If you think the motor can handle more power,..you can replace the controller with one of these: http://electricscooterparts.com/speedcontrollers36volt.html


----------



## tchapin (Feb 2, 2011)

check out this link for power wheels (start out at 12v) mods. this guy might have some ideas.
http://perfauto.tripod.com/powerwheels.html

this forum i'm sure could help you out.
http://forum.modifiedpowerwheels.com/

I had a lot of fun messing with power wheels jeeps. I had one that would go close to 15mph and power slide like mad on those big old plastic tires. My kids had a ball on them till they got to big to fit in them.


----------



## kakawak (Apr 27, 2014)

thank you for the link suggested. i will try and get some more info on this subject.

cheers

cammy


----------



## kakawak (Apr 27, 2014)

hi guys,

im having problems with upgrading 24v to 36v. if 36v fails i would like 24v with the series setup so i can make the jeep go faster.
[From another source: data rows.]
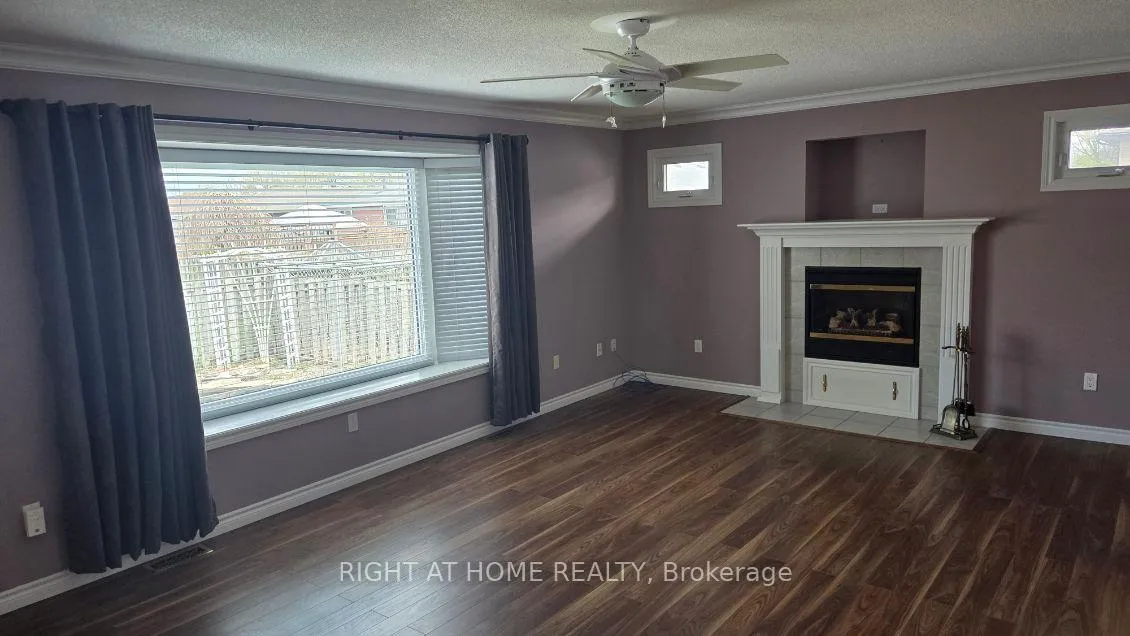 Photo 2 of 7564 Redhaven Crescent, Niagara Falls, Marineland — HOMEH
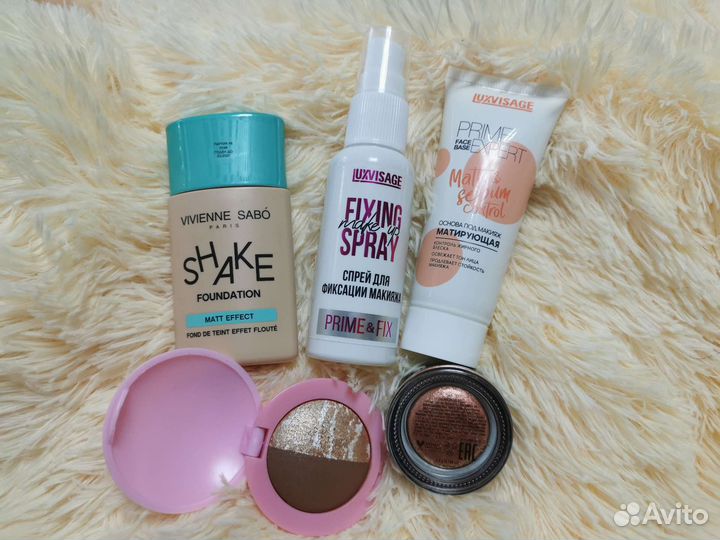 Набор косметики - тон, тени, бронзер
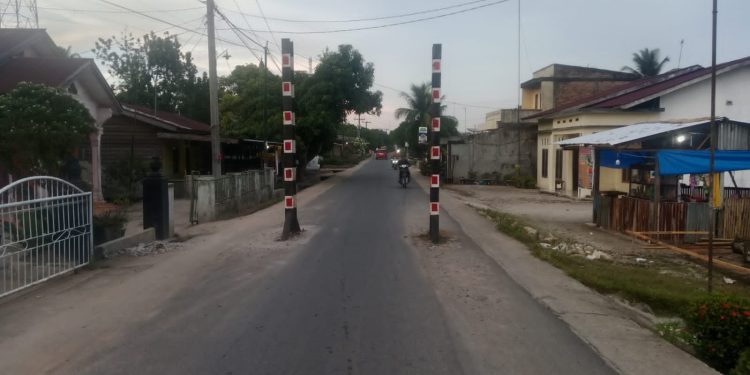 Portal Jalan Kembali Dipasang, Warga Soroti Dugaan Diskriminasi Dishub Simalungun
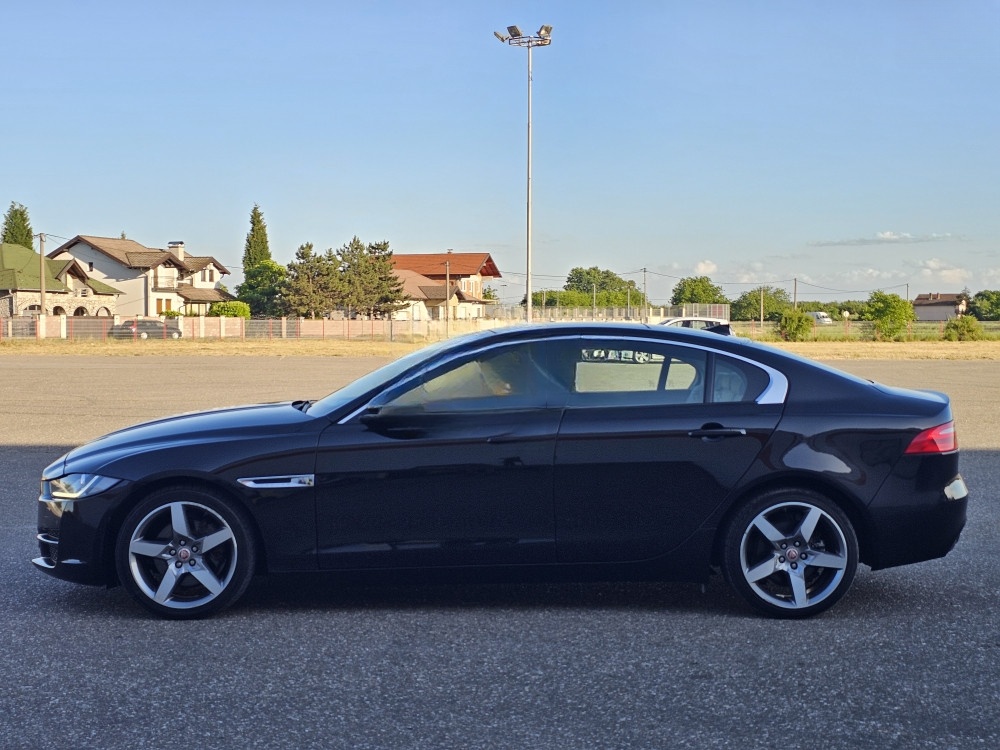 Jaguar XE 2016 Automatik 2.0 d 132kW RWD Panorama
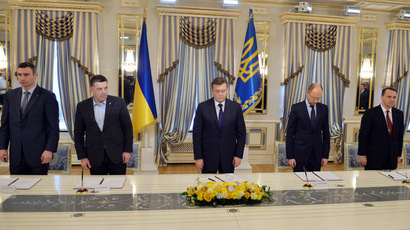 (From L) The head of the Udar (Punch) party Vitalii Klitschko, the head of the Svoboda party Oleh Tyagnybok, Ukrainian President Viktor Yanukovych, the head of Batkivcshchyna party Arseniy Yatsenyuk and Polish Foreign Minister Radoslaw Sikorski (out of the picture) stand for an homage to people who died during clashes in Kiev before signing an agreement on February 21, 2014. (AFP Photo)
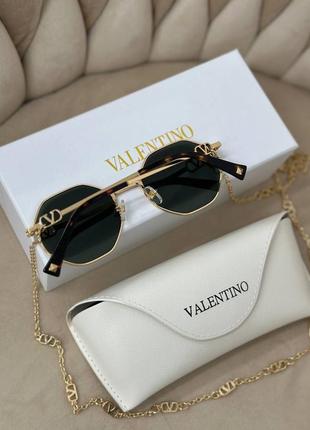 Очки в стиле valentino2 фото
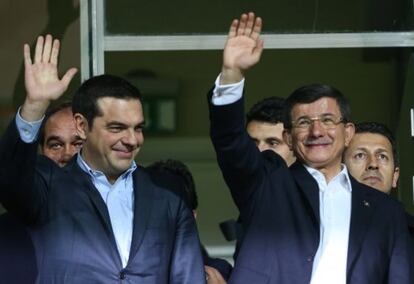 Alexis Tsipras (izquierda) y el primer ministro turco, Ahmet Davutoglu, este martes en Estambul.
i think it might be the wiring thats causing the main problem. now having seen videos on youtube where people upgrade from 12v to 24v it seems alot faster than my current untouched 24v jeep.

when i tried to copy this setup on youtube using a series connection it didnt work! im obviously doing something wrong :/
the initial setup (i think) is parallel but when i tried series it doesnt work!

http://s388.photobucket.com/user/kakawak/slideshow/photo


please scroll through photos 

cheers

cameron


----------



## piotrsko (Dec 9, 2007)

First thing you need more amps than the current batteries will provide. I doubt if you are getting more than 20 volts under load. So bigger batteries or different chemistry. 20 years ago I installed a group 24 car battery in my kids barbie jeep and his would smoke the neighbors stock jeep for 8 full hours while they had to recharge a couple of times. You should be able to do 36 volts if there are no electronic modules on the throttle pedals. In the olden days throttle was a 2 position switch with a big series resistor. A hobby shop big BRUSHED motor controller and a servo tester could allow you to run up to 48 volts with full motor control but it will need a heat sink


----------



## Imran520 (Mar 21, 2017)

looking good but what is the price of this jeep now? I want to buy.


----------